1. The problem statement, all variables and given/known data
A 11.0 kg crate is pulled up a rough incline with an initial speed of 1.3 m/s. The pulling
force is 121.0 N parallel to the incline, which makes an angle of 12.6◦ with the horizontal.
The coefficient of kinetic friction is 0.31 and the crate is pulled a distance of 8.0 m.
The acceleration of gravity is 9.81 m/s^2 .
2. Relevant equations
a) Find the work done by Earth’s gravity
on the crate. Answer in units of J.
3. The attempt at a solution
Fnormal=m*g*costheta
Fnormal=105.3111778N
Fnormal* coefficient of friction=Ffriction
Ffriction=32.64646511N
Fapplied-Ffriction=Fnet
Fnet=88.35353489N
Work=N*m
Work=706.8282791N*m
-(Work*sin12.6)=W done by gravity
Work done by gravity is 154.1898119N*m
I think I did it right, but the computer marked me wrong. Can anyone explained this?

2. Jan 9, 2010

### pgardn

What did you calculate the force of gravity is that is parallel to the displacement up the plane?

3. Jan 9, 2010

### hyuen9195

The displacement is parallel to the plane. If thats what you are asking

4. Jan 9, 2010

### vela

Staff Emeritus
Your last step is incorrect. I'm not sure what you're trying to do there. Can you explain your thinking?

5. Jan 9, 2010

### hyuen9195

a) Find the work done by Earth’s gravity on the crate. Answer in units of J.
I think you have to find the work done on the block parallel to the plane, then find the y component of the work

6. Jan 9, 2010

### pgardn

Work is Force x displacement said very simply.

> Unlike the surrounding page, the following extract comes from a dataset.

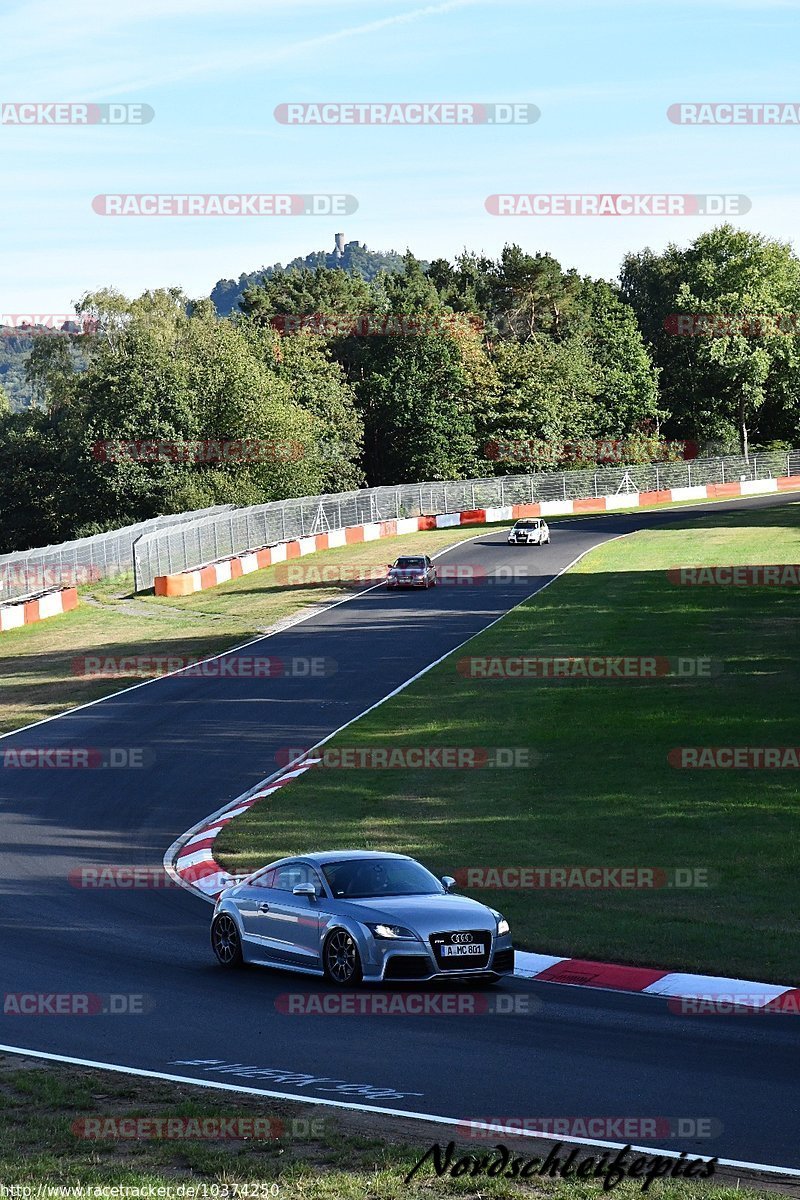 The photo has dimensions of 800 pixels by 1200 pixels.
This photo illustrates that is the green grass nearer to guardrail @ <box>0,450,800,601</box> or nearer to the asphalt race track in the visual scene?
guardrail @ <box>0,450,800,601</box>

So the displacement is 8 m up and parallel the plane. All you need is the force due to gravity that is also parallel to the plane, thus also parallel to the displacement. What is the force due to gravity that is parallel to the displacement?And then, is it in the same direction as the displacement (+) work, or is it in the opposite direction as the displacement, (-) work.

7. Jan 9, 2010

### vela

Staff Emeritus
Work is a scalar quantity, not a vector. It doesn't have a y-component. You'll need a different approach. Hint: The work done by gravity is the work done by only the force of gravity. You don't need to consider any of the other forces to calculate it.

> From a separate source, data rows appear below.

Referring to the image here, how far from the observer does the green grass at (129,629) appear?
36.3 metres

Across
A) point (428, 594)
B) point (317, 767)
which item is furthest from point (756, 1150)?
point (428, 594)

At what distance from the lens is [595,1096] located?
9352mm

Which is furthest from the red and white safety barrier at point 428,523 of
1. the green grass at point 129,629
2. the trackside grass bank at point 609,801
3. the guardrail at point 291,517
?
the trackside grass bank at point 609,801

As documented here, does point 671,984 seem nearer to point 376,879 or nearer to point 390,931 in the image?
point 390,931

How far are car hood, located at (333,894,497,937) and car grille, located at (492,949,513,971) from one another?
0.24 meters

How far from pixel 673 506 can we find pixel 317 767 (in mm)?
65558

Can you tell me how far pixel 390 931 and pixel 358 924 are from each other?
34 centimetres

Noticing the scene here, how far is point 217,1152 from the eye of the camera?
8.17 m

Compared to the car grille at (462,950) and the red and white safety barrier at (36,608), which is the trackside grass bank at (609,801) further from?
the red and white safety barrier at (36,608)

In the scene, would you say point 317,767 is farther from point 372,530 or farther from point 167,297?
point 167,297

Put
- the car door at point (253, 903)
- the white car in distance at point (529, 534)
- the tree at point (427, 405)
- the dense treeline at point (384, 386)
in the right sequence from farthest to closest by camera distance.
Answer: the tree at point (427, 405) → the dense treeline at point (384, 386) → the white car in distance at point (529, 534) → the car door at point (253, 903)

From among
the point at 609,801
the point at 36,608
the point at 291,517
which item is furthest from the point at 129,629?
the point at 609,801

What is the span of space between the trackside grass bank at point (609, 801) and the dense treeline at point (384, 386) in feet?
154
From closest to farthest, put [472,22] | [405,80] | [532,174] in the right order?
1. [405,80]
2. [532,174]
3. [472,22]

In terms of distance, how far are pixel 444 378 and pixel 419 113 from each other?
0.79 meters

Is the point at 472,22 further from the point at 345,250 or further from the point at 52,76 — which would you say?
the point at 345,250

When I said earlier that your steps were correct, I didn't mean to imply that they would all be necessarily useful in trying to calculate the work done by gravity, just that you didn't make any physics mistakes in deriving them.

8. Jan 10, 2010

### hyuen9195

a) Find the work done by Earth’s gravity on the crate.
Weight*Distance sine theta=Work done by the gravity

b) Find the work done by the force of friction on the crate.
Weight*Distance cos theta*coefficient=Work done by the force of gravity

c) Find the work done by the puller on the crate.
Applied Force *Distance=Work done by the puller on the crate

d) Find the change in kinetic energy of the crate.

e) Find the speed of the crate after it is pulled 8.0 m.
The square root of [((2*Answer to d/Mass)+Vi^2)]

I finally figured c out and ask my classmate for the others

Last edited: Jan 10, 2010
9. Jan 10, 2010

### vela

Staff Emeritus
You should have negative answers for (a) and (b).

10. Jun 3, 2010

### hyuen9195

For part d, it's Answer to c-(Answer to b+Answer to a)=The change in kinetic energy of the crate

11. Feb 28, 2011

### Rayquesto

I believe that the amount of work done by gravity is equal to the potential gravitational energy. Therefor, if you find the height as it goes up a 8 meter incline, then you can also find the work using mgh (meters times gravitational acceleration times height). so I think the answer is 188 J, since sin12.5=height/8 where height is 1.745 meters, g=9.81m/s^2, and 11kg=mass. multiply them and you get the amount of joules it applied which should be 188 J. Well, then again if we consider the chnage in potential energy we can safely assume that the initial potential energy is 0. so, 188 j still holds true.